[SOURCE MATERIAL]
____

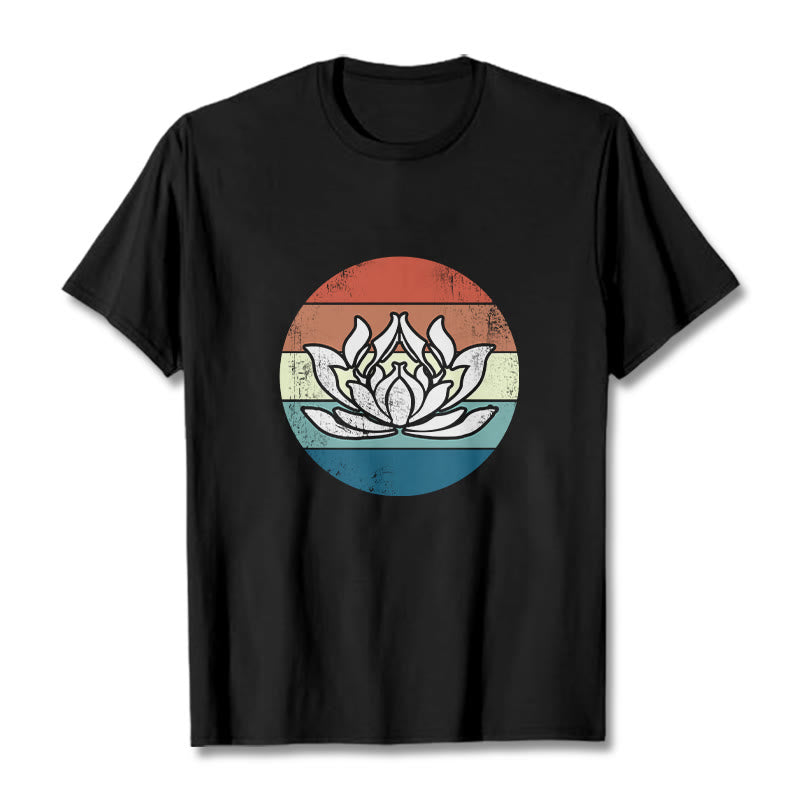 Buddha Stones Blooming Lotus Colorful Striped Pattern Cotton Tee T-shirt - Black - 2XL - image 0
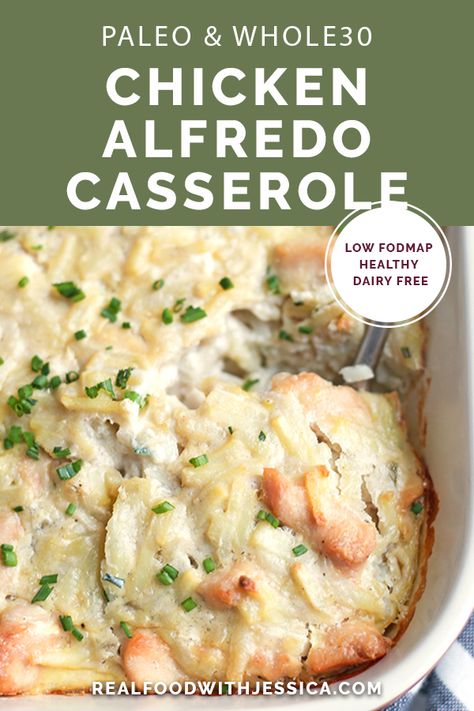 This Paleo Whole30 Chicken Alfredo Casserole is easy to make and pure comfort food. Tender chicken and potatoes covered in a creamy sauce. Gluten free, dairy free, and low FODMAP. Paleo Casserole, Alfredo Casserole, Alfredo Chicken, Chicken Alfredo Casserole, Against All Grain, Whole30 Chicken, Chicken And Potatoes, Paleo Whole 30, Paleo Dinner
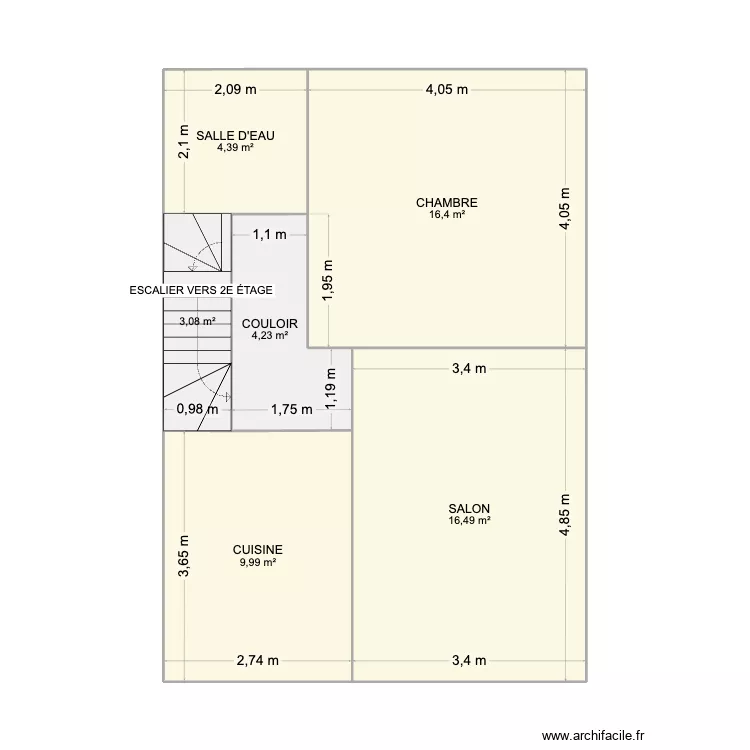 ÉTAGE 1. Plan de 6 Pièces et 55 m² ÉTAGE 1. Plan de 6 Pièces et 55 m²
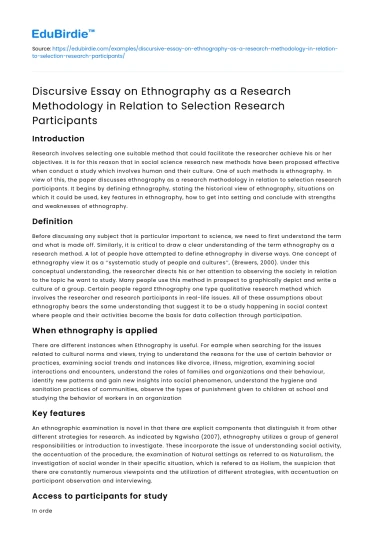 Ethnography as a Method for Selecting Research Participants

____

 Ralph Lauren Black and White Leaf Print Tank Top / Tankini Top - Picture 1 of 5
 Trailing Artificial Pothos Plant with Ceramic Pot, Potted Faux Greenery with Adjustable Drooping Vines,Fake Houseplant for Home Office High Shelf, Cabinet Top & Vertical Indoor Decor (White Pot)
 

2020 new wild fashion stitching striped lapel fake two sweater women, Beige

____

[ACTIVITY] Determine how many lines in the data include "White", and let the answer be that number alone.

[ANSWER TO THIS EXERCISE] 2